NEW YORK - Pending home sales climbed 2.0% to an index reading of 97.0 in January after a revised 1.9% decrease to 95.1 in December, originally reported as a 3.5% decline to 96.6, according to a report released Monday by the National Association of Realtors.
The 97.0 reading is the highest since a 111.3 level in April 2010, when buyers rushed to take advantage of the home buyer tax credit.
Economists polled by Thomson Reuters predicted a 1.0% increase for the index.
Year-over-year the pending homes sales index is up 8.0% from last January, when the index was 89.8.
Regionally, pending sales were mixed. The Northeast saw a 7.6% increase to 78.2, while sales gained 7.7% to 109.1 in the South. In the Midwest sales fell 3.8% to 88.1, and sales dropped 4.4% to 101.9 in the West.

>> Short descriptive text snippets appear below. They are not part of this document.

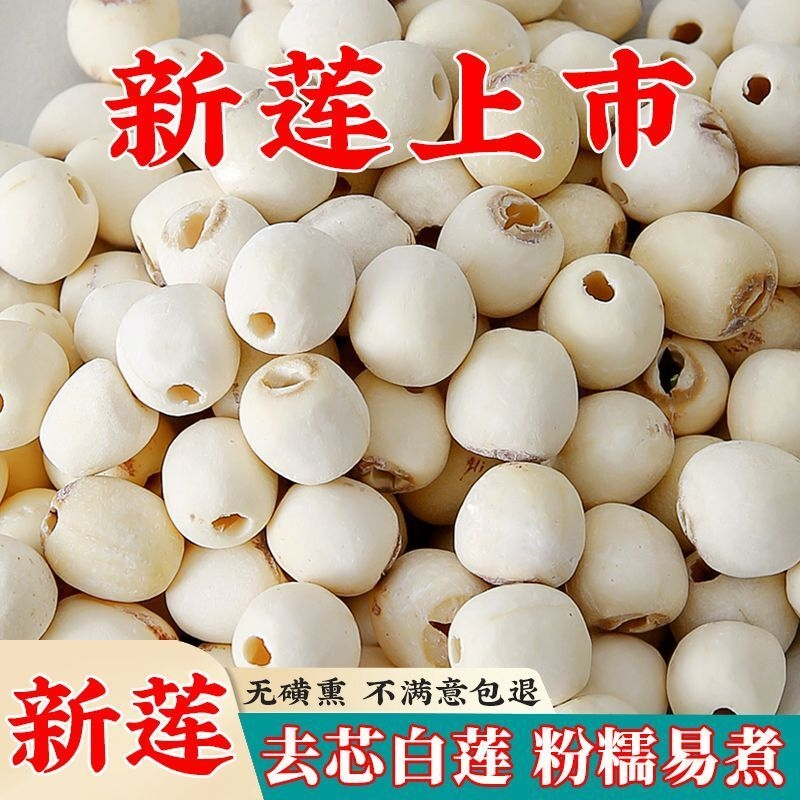 2024新莲上市 莲子干货 特级无磺莲子新鲜磨皮白莲野生去芯莲批发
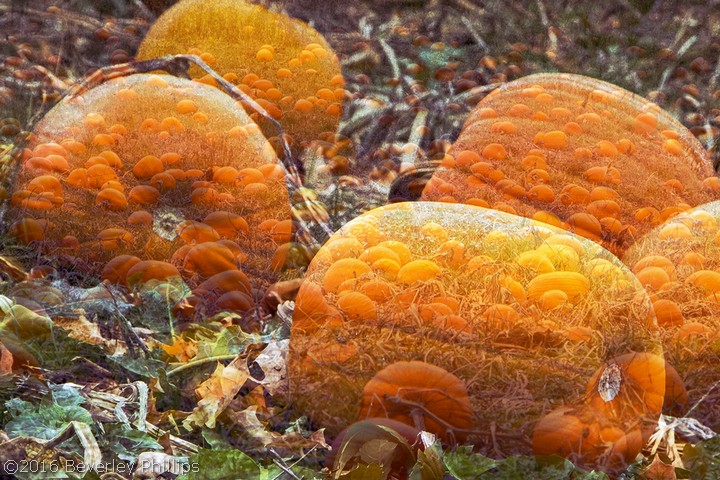 Pumpkin  (Multi-exposure)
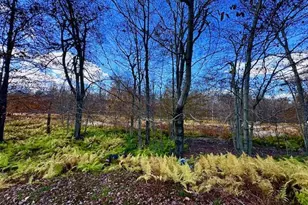 1008 Woodstone Rd, Newfoundland, PA 18445 - Photo 28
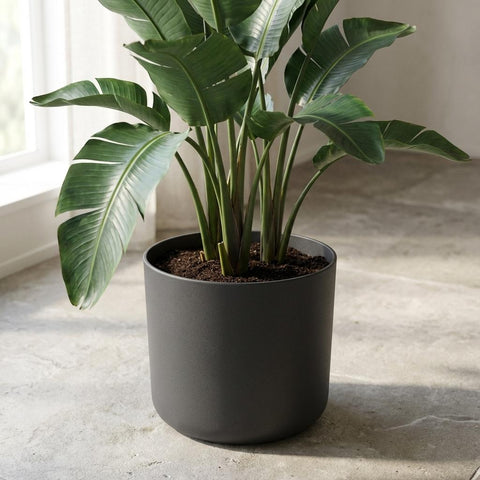 B.for soft anthrazit - 25cm | Elho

“Given more favorable housing market conditions, the trend in contract activity implies we are on track for a more meaningful sales gain this year,” NAR Chief Economist Lawrence Yun said. “With a sustained downtrend in unsold inventory, this would bring about a broad price stabilization or even modest national price growth, of course with local variations.

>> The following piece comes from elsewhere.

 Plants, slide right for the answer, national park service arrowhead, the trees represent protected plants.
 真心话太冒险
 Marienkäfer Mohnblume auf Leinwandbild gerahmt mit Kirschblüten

“Movements in the index have been uneven, reflecting the headwinds of tight credit, but job gains, high affordability and rising rents are hopefully pushing the market into what appears to be a sustained housing recovery,” Yun added. “If and when credit availability conditions return to normal, home sales will likely get a 15 percent boost, speed up the home-price recovery, and thereby significantly reduce the number of homeowners who are underwater.”